Boston Bruins - CSKA Moscou (8 janvier 1976)

 

Match amical.

Le CSKA Moscou - maintenant privé de son centre numéro 1 Vladimir Petrov - poursuit sa tournée des grandes cités nord-américaines dans cette supersérie. Après un match de légende contre le Canadien de Montréal (3-3), il arrive au Fleet Center, la glace des « Big Bad Bruins ». La franchise du Massachusetts est une sérieuse référence dans la NHL avec une finale en 1974 et deux victoires en 1970 et 1972. Le groupe est composé de nombreuses stars, qui pour certaines ont déjà connu le défi de 1972 comme Jean Ratelle, Brad Park, Wayne Cashman et André Savard. Le manager général est déjà averti puisqu’il s’agit de Harry Sinden, l’ex-coach du Canada 1972.

Comme à chaque partie, les NHLers débutent avec force et vitesse. Les Soviétiques sont déjà sous pression avec un trafic de Park, Ratelle et Schmautz. L’agressivité permet de capter le puck et à Bucyk de tirer sur Tretiak. La valeur des attaquants du CSKA leur donne, tout de même, l’occasion de s’échapper à grande vitesse pour tester Gilbert dans les cages bostoniennes. Mikhailov et Kharlamov tentent chacun leur chance. Mais ce sont bien les Bruins qui sont maîtres de la partie avec un redoutable échec-avant qui maintient une bonne partie du temps les Soviétiques dans leur zone. Lors des quelques remontées de palet des rouges, le rideau défensif américain nettoie la zone et permet de nouvelles offensives. Pour le moment, Boston tient son adversaire à sa main. La vitesse de jeu est impressionnante et les deux équipes s’interceptent ne laissant que peu de travail à Gilbert et Tretiak.

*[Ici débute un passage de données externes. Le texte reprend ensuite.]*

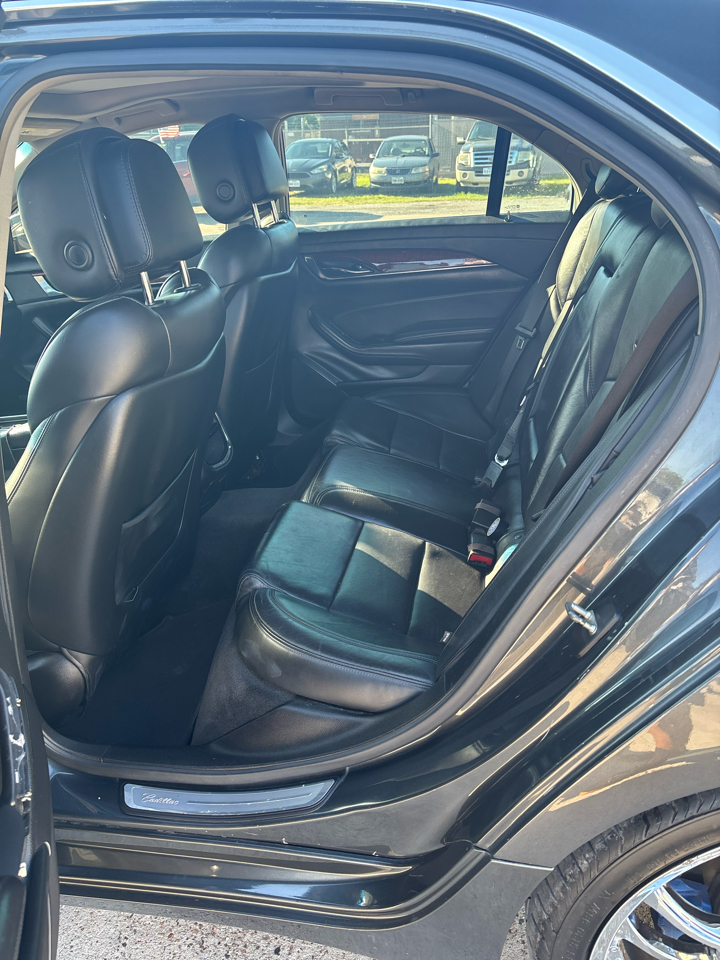 Cadillac CTS 2.0L Turbo Luxury RWD 2014 Cadillac CTS 2.0L Turbo Luxury RWD 2014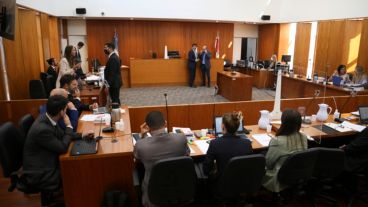 El juicio contra Alvarado se realiza desde febrero de 2022 en el Centro de Justicia Penal local.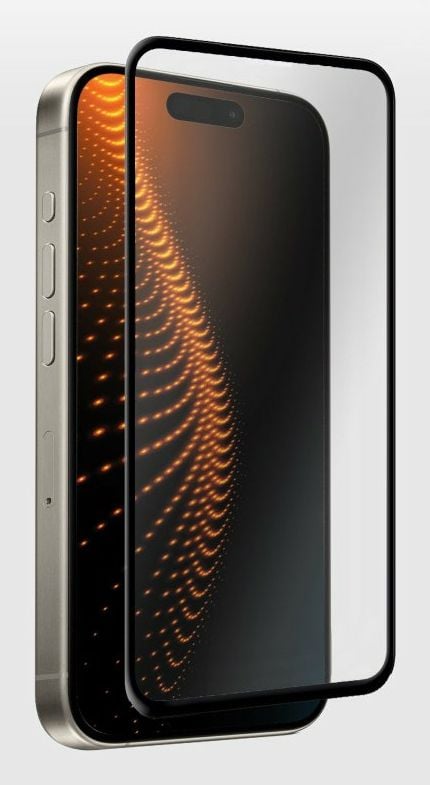 SBS D3O herdet glass med ramme til iPhone 14 Pro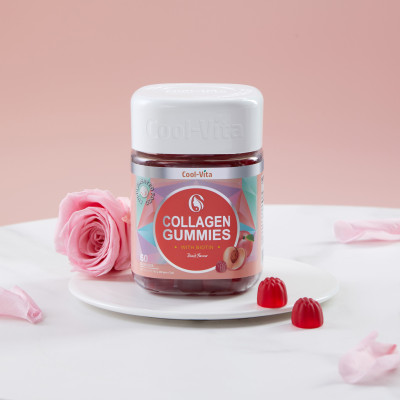 Combo Kẹo Dẻo Collagen & Kẹo Dẻo Củ Dền Coolvita Hỗ Trợ Trẻ Hóa Sáng Da - Cải Thiện Sức Khỏe Tóc Móng - Hỗ Trợ Bổ Sung Sắt, Lưu Thông Máu - Bổ Sung Năng Lượng, Kết Hợp Biotin, Vitamin C, Vitamin E & LCitrulline - 2 Hộp (60 viên x 3g)/hộp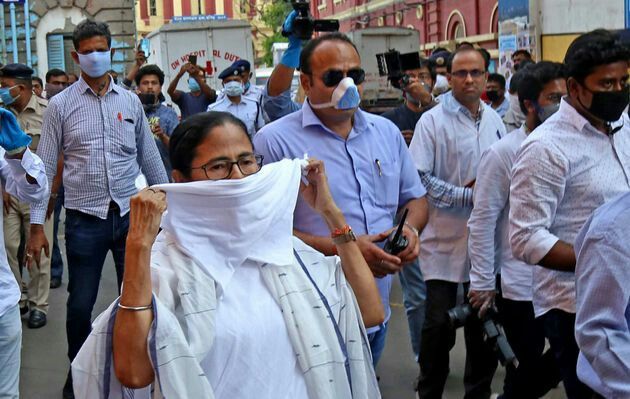 Mamata Slams Army for Dismantling TMC Stage in Kolkata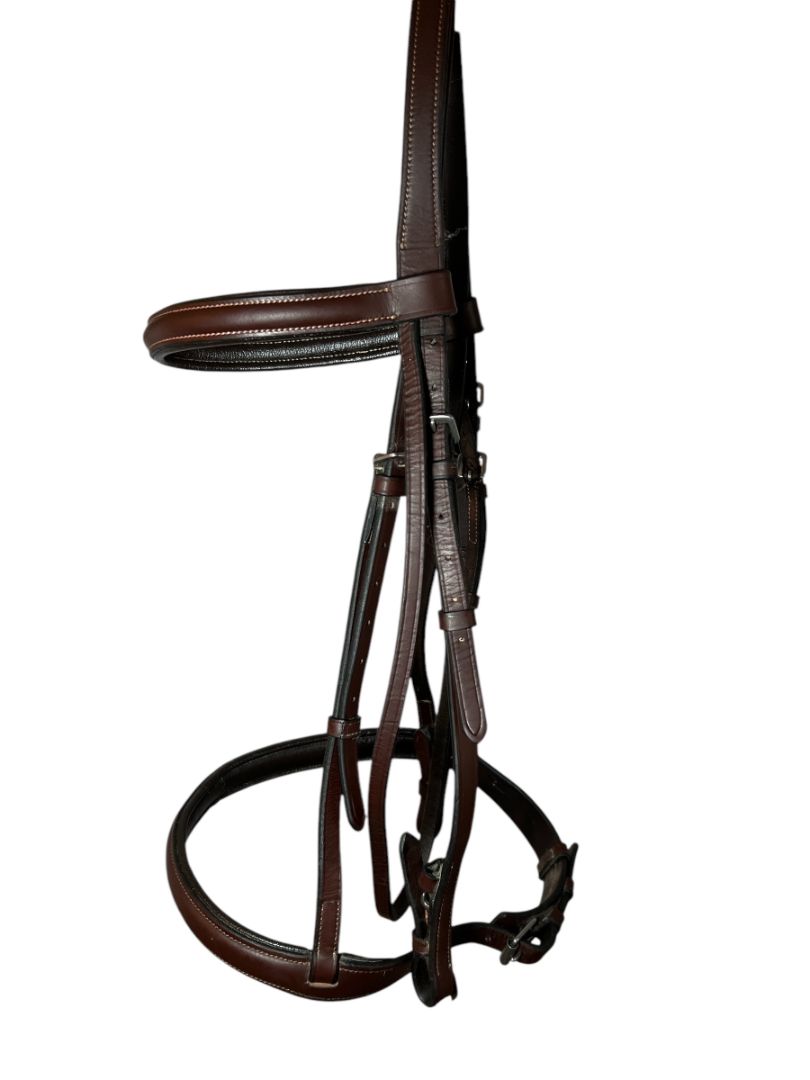 Red Barn Icon Hunter Bridle - Size Full / Horse (no reins)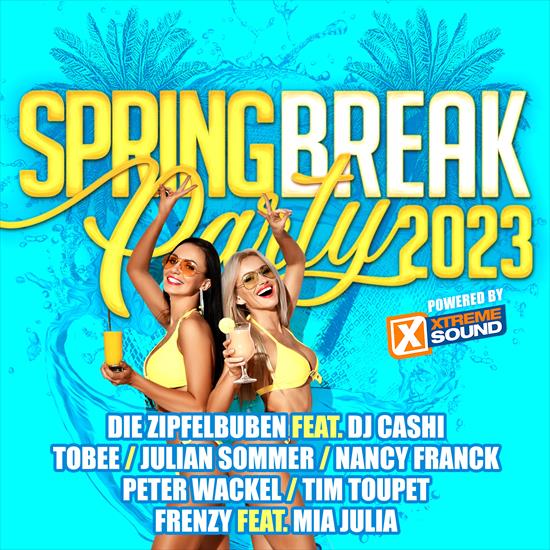 2023 - VA - Sprin... - VA - Spring Break 2023 Powered by Xtreme Sound - Front.png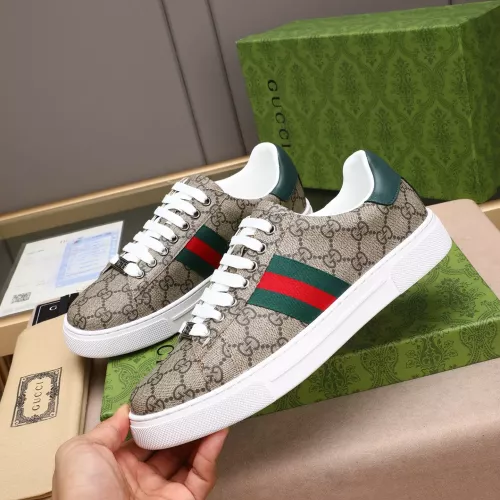 Cheap Gucci Casual Shoes For Men #1362213 Replica Wholesale [$72.00 USD] [ITEM#1362213] on Replica Gucci Casual Shoes
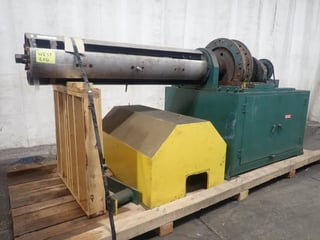 40000 lb. Rowe #40072-DSJ, Coil Reel, 73" wide, 84" outside dimensions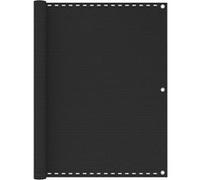 vidaXL Balkonscherm 120x600 cm HDPE antracietkleurig310847 Anthracite G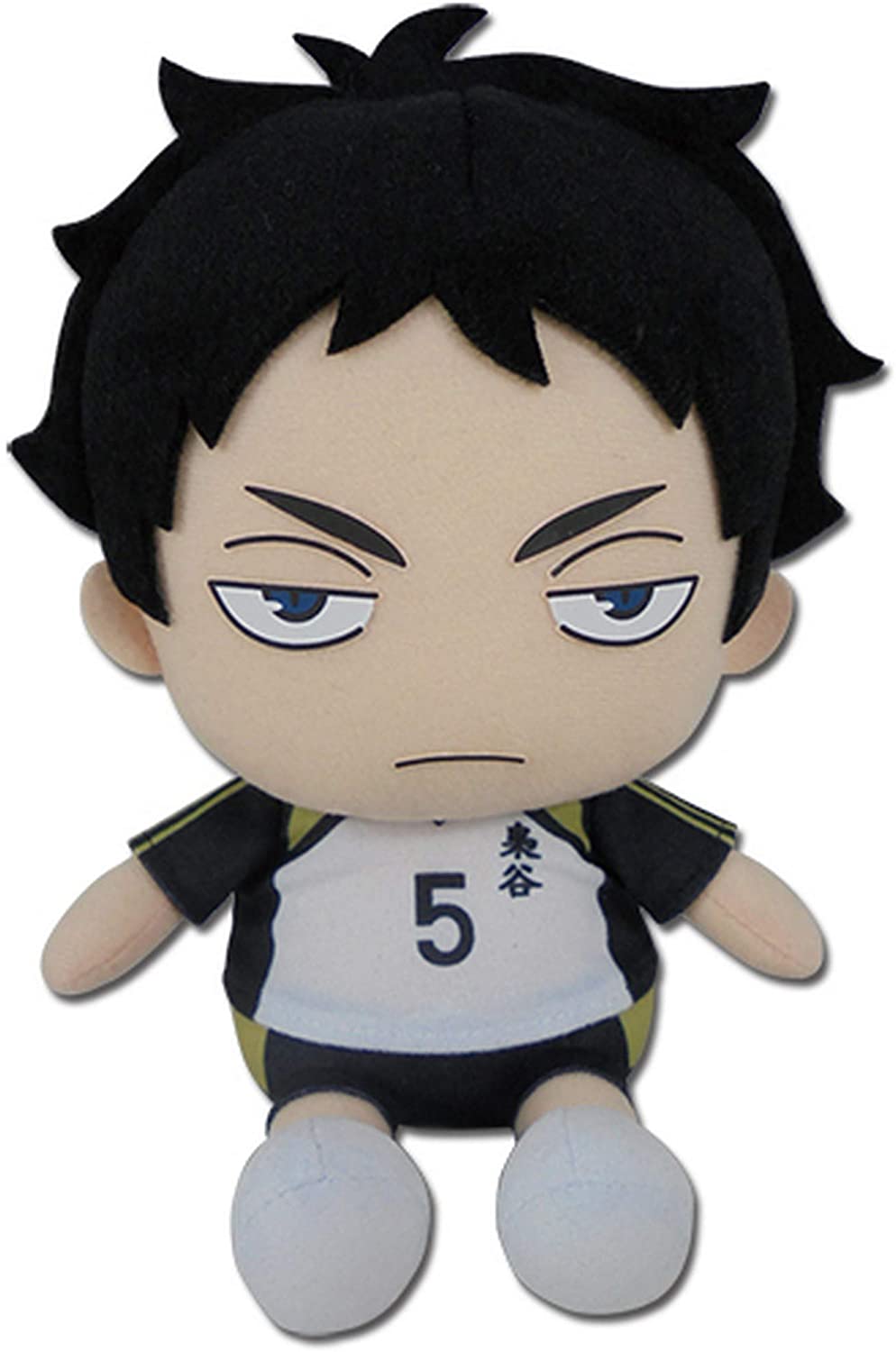 Haikyu!! S2 - Akaashi Sitting Pose Plush 7'' Great Eastern Entertainment - Fundom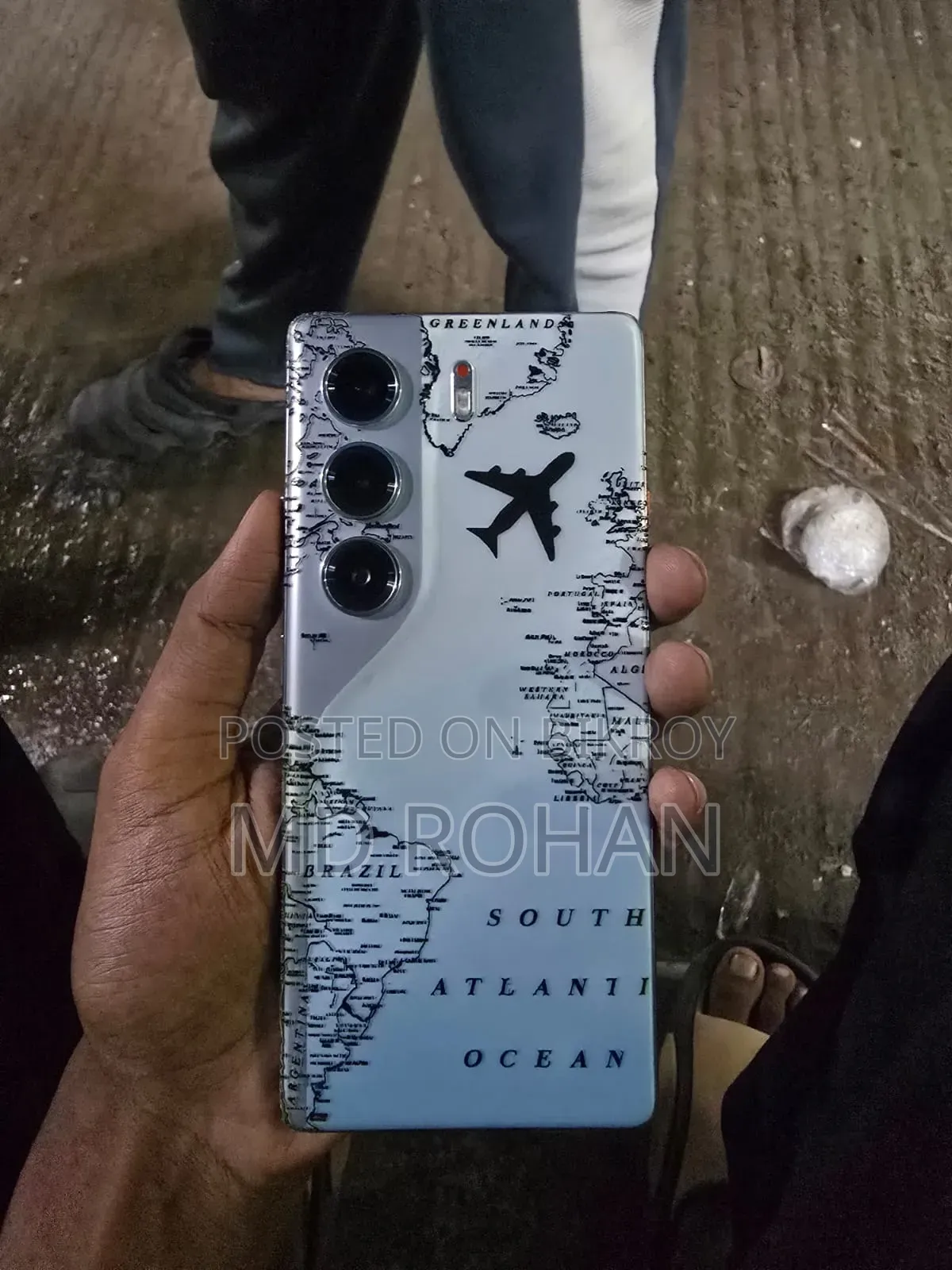Tecno Camon 40 256 GB Blue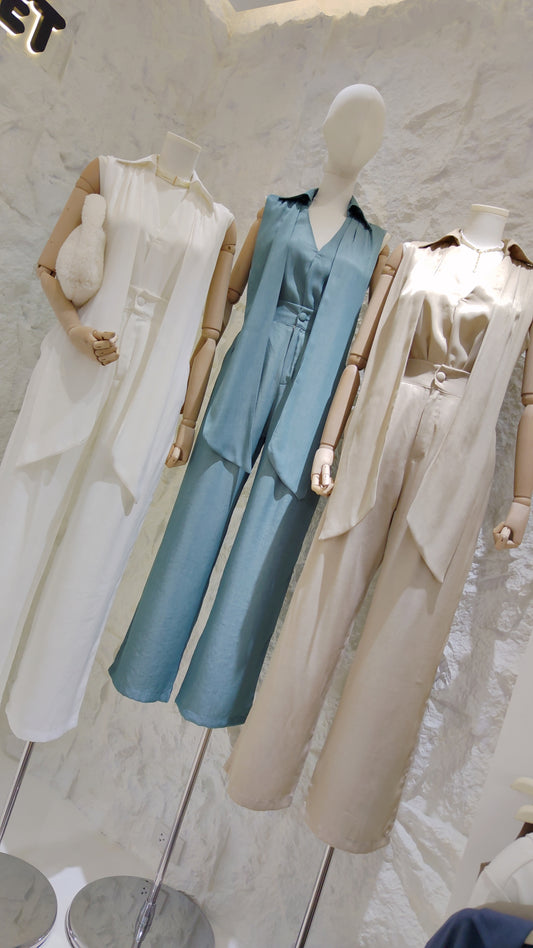 The "Riviera" Flowy Set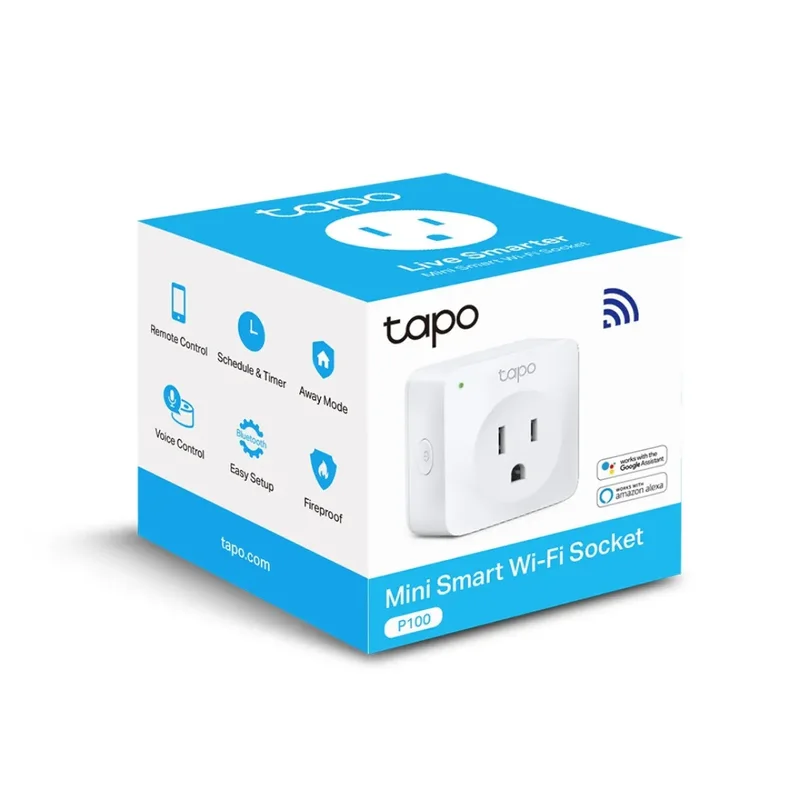 TP-Link Mini Smart Wi-Fi Socket – TL-TAPO P100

Wayne Cashman obtient même un palet de but. Il passe dans le dos du défenseur adverse et se présente devant Tretiak, qui ferme la porte. Dans la foulée, une passe laser alimente Kharlamov qui part seul. Gilles Gilbert, impeccable, dévie sereinement le tir. Boston mise plus sur son impact physique pour s’imposer dans le slot et c’est encore un trafic dense qui pèse sur la cage de Tretiak avec Ratelle et Edestrand, à la limite de rentrer dans la cage avec le puck. Il faut le coup de sifflet de l’arbitre pour faire cesser cette mêlée. Il y a encore le feu sur les cages moscovites quand Marcotte place un revers malin. La suite du jeu voit le palet passer trois fois devant les buts sans succès. Bien évidemment les provocations dans la bande sont monnaie courante. Alexandrov et Barry Smith se retrouvent sur le banc des pénalités pour avoir réglé leurs comptes en fin de tiers. Les Soviétiques ont bien tenu défensivement malgré l’orage qui s’est déchaîné pendant toute la période.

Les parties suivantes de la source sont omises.